4/22 Perfection
Ryan Dempster watched the highlights of White Sox pitcher Philip Humber’s perfect game. The TV cameras kept showing Humber sitting by himself in the dugout.
“I always laugh at how a guy gets a no-hitter or a perfect game going, and nobody talks to him [in the dugout] so he starts to go, ‘Why is nobody talking to me? Oh wait, I must have something going here,’” Dempster said. “It was pretty impressive. I know he’s always had the talent to do something like that.”
So, if Dempster ever gets close, does he want players to talk to him?
“When I go out there for the ninth inning, I want somebody to say, ‘Hey, you’ve got a perfect game going,’” he said. “I could only be so lucky.”
Dale Sveum watched the end of the game on television while having dinner with his wife. Sveum came close to playing in a perfect game but said Rangers manager Ron Washington broke it up with a hit after 8 2/3 innings.

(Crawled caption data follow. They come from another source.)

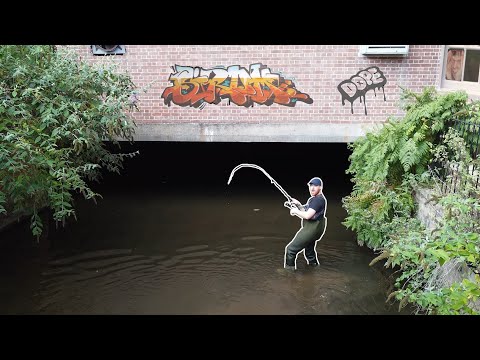 Stor bækørred i byen
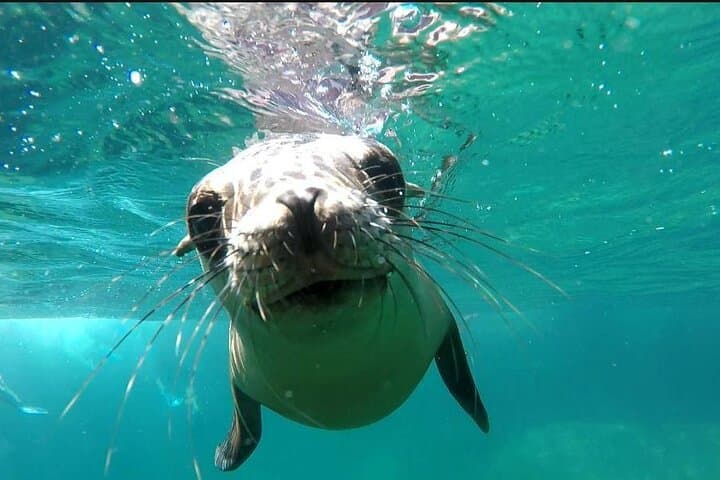 Isla Espíritu Santo Boat Tour from La Paz — Snorkel, Sea Lions & Beach Lunch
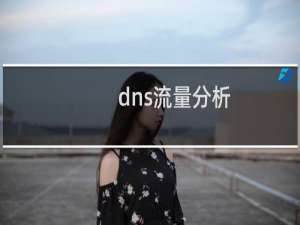 dns流量分析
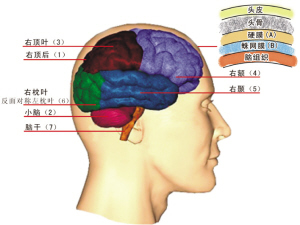 湖北十堰青少年素质教育基地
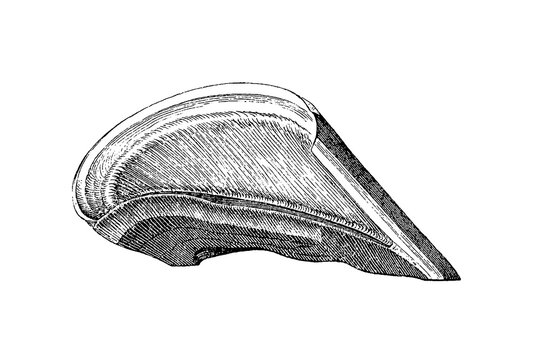 Equine Hoof Midline Vertical Cross-Section, Anatomical Illustration of the Forefoot, Old Vintage Illustration, 1889.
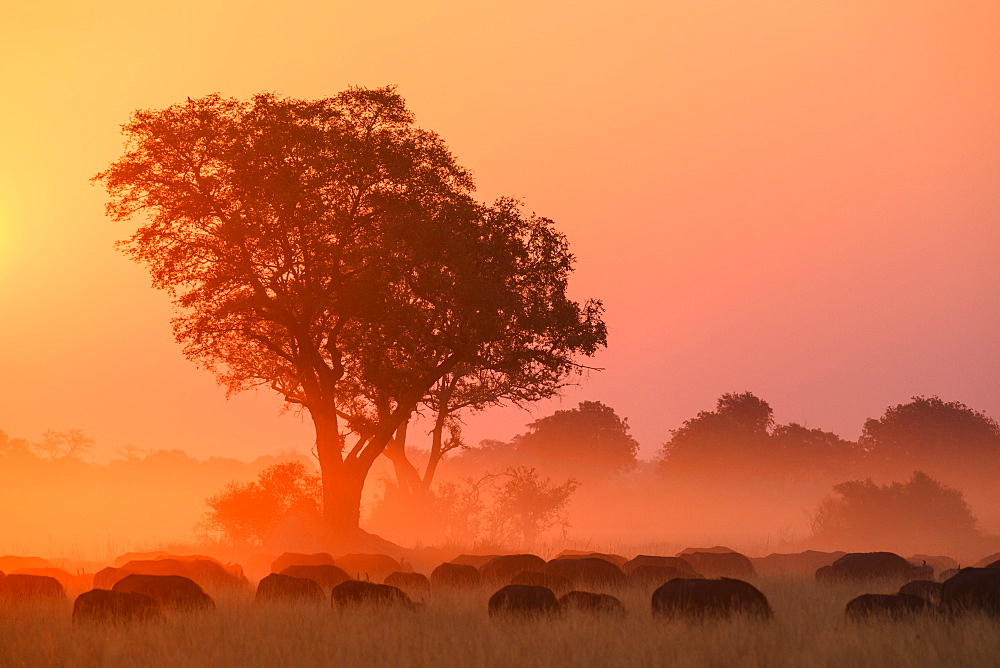 African buffalo (Cape Buffalo) (Syncerus caffer) at sunset, Bushman Plains, Okavango Delta, Botswana, Africa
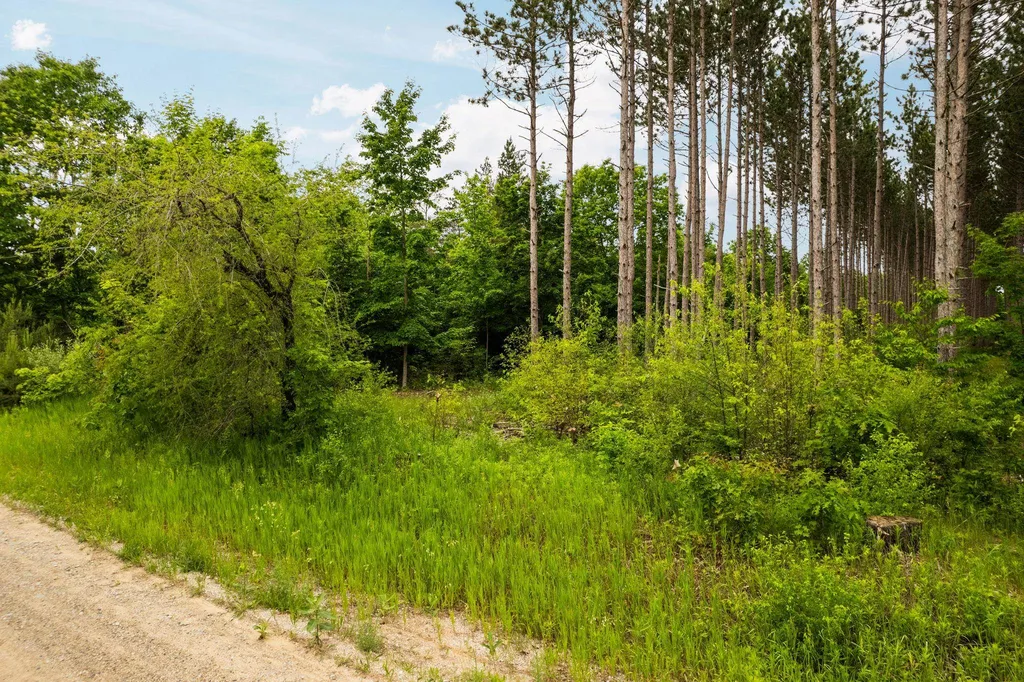 Saint Johns Road Inland Township MI 49643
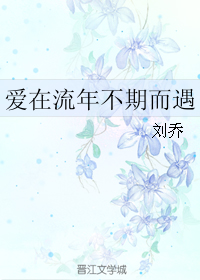 爱在流年不期而遇TXT全集封面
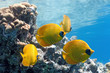 Shoal of butterfly fish on the reef Shoal of butterfly fish on the reef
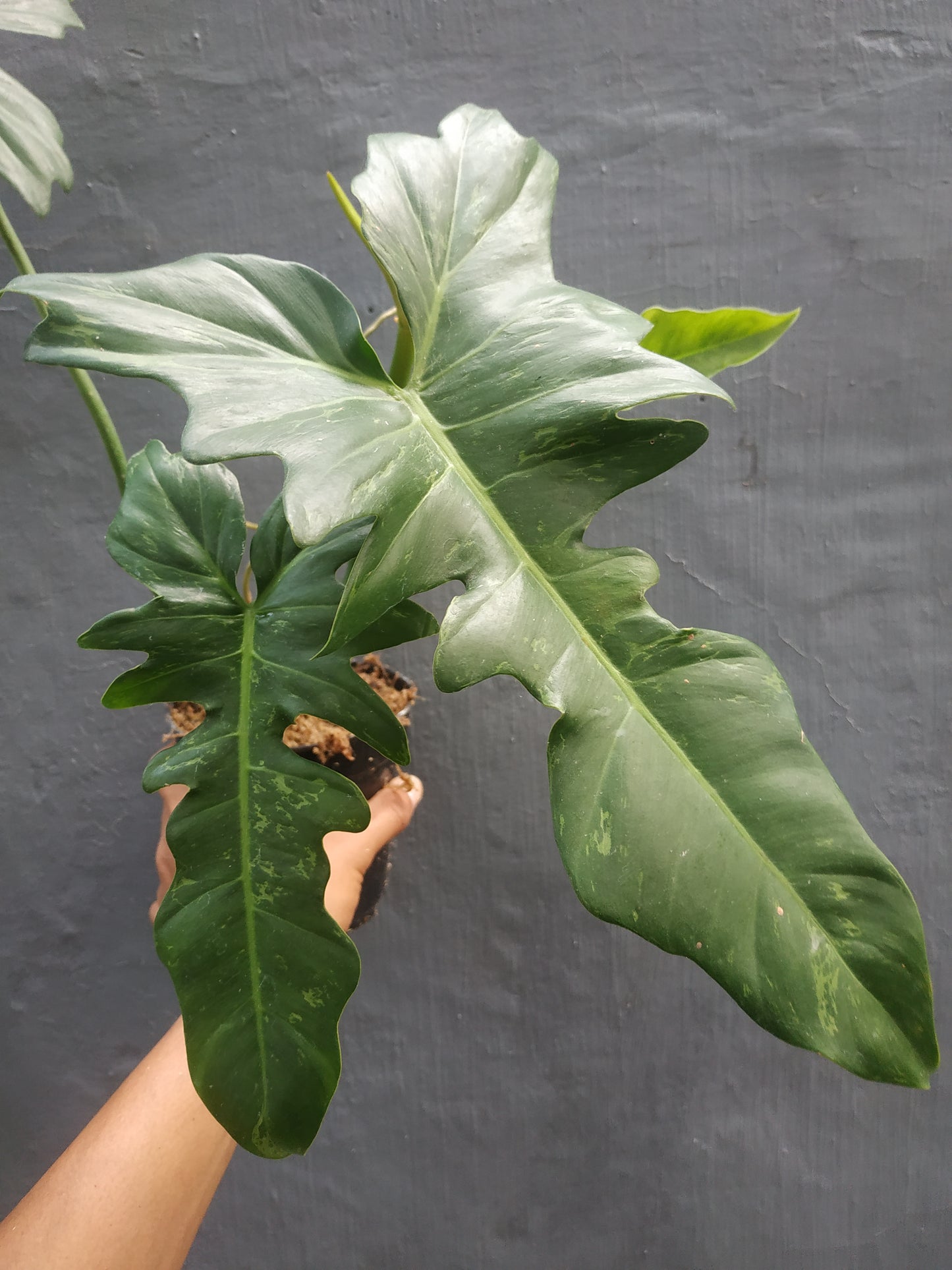 Philodendron Lime Fiddle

“I remember when David Cone threw his, it was only 88 pitches and to throw a perfect game and end up with 96 [pitches], that’s a pretty efficient day,” Sveum said of Humber’s outing. “To finish it off in the last inning on a 3-2 slider on the first hitter and have enough savvy to throw another 3-2 slider with a perfect game on the line was pretty impressive and it ended up working out. I’m happy for him.”